» Work to be completed
Only the text should be kept: print every entry below exactly and leave each image out.

Segment Start: Records

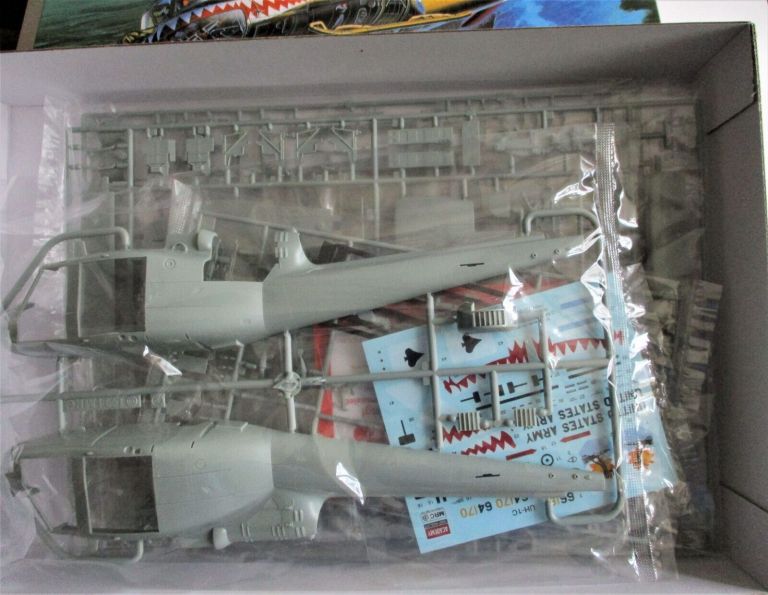 Bell UH-1C "Frog" 1:35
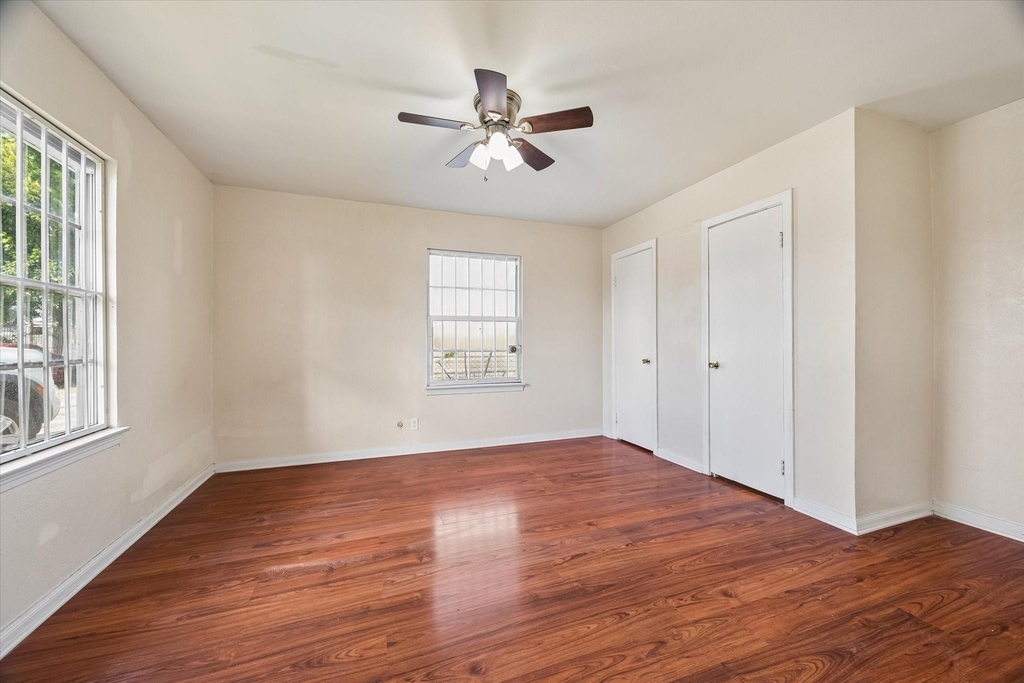 7119 Long Point Road - Photo 10
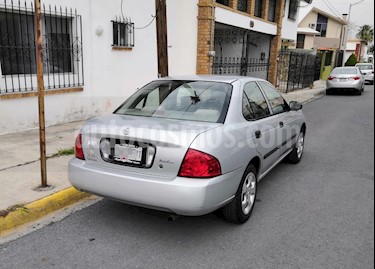 foto Nissan Sentra XE 1.8L Ac usado (2005) color Plata precio $57,000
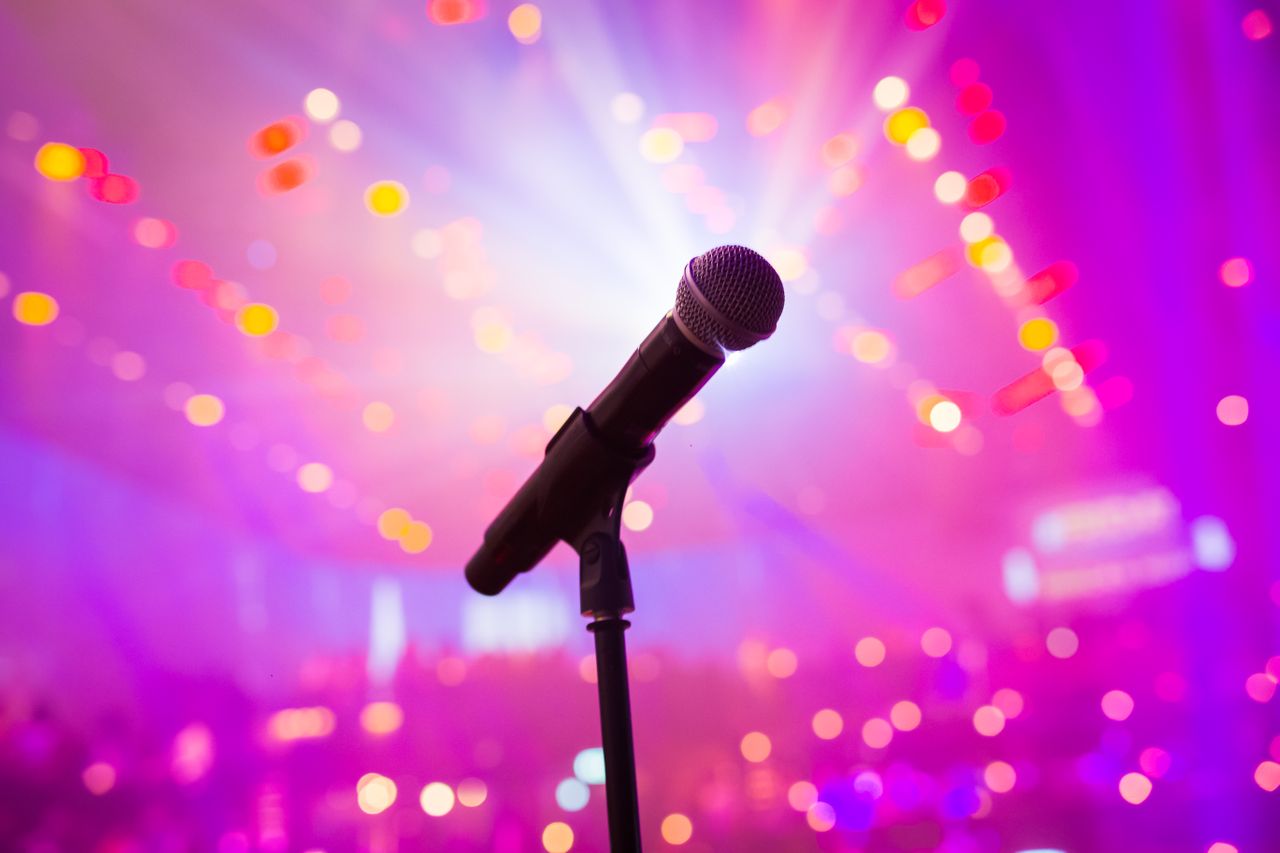 Micrófono en una sala de karaoke
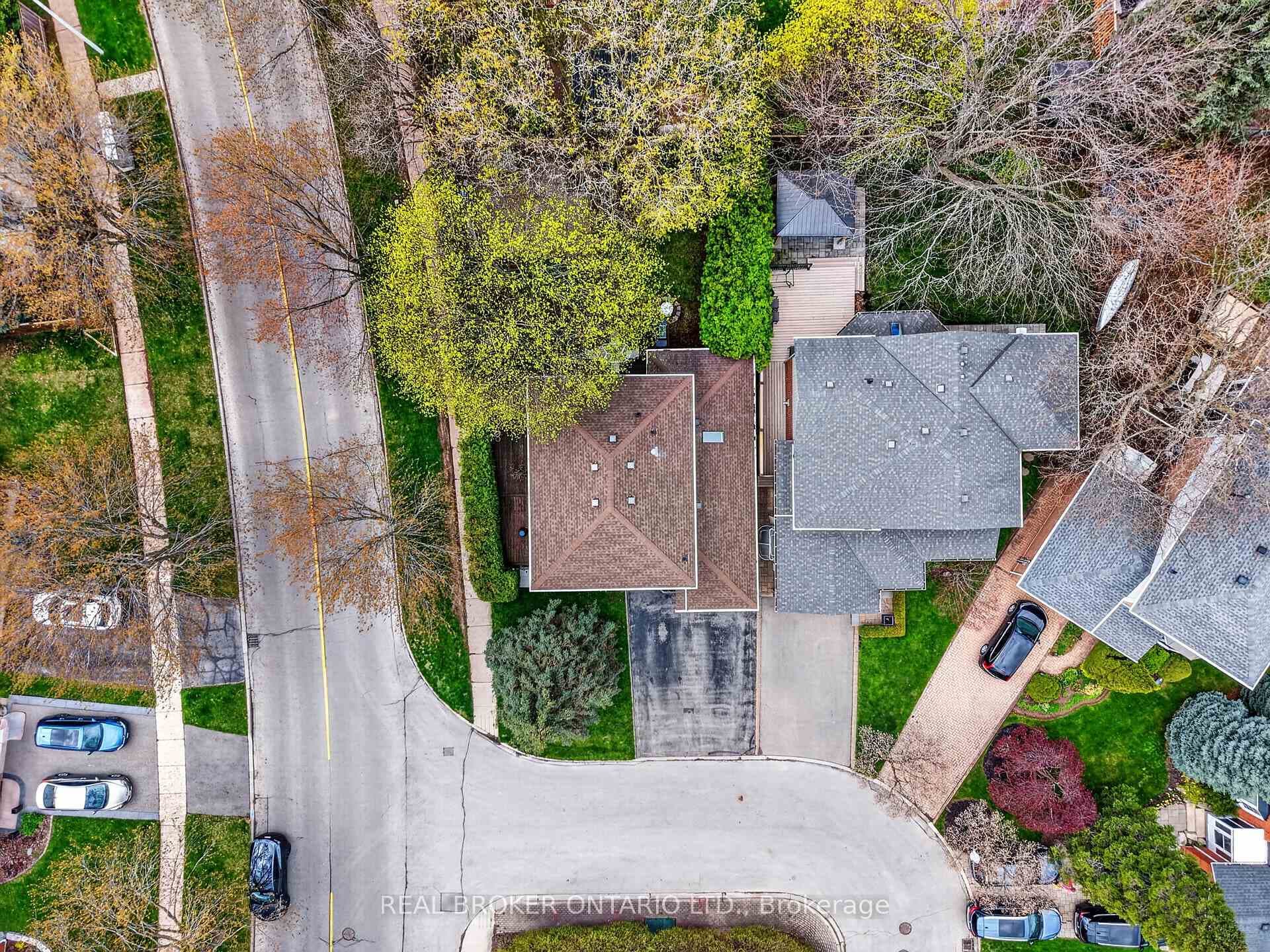 153 CHALMERS Street photo 41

Segment End: Records

» Exercise response
 Bell UH-1C "Frog" 1:35
 7119 Long Point Road - Photo 10
 foto Nissan Sentra XE 1.8L Ac usado (2005) color Plata precio $57,000
 Micrófono en una sala de karaoke
 153 CHALMERS Street photo 41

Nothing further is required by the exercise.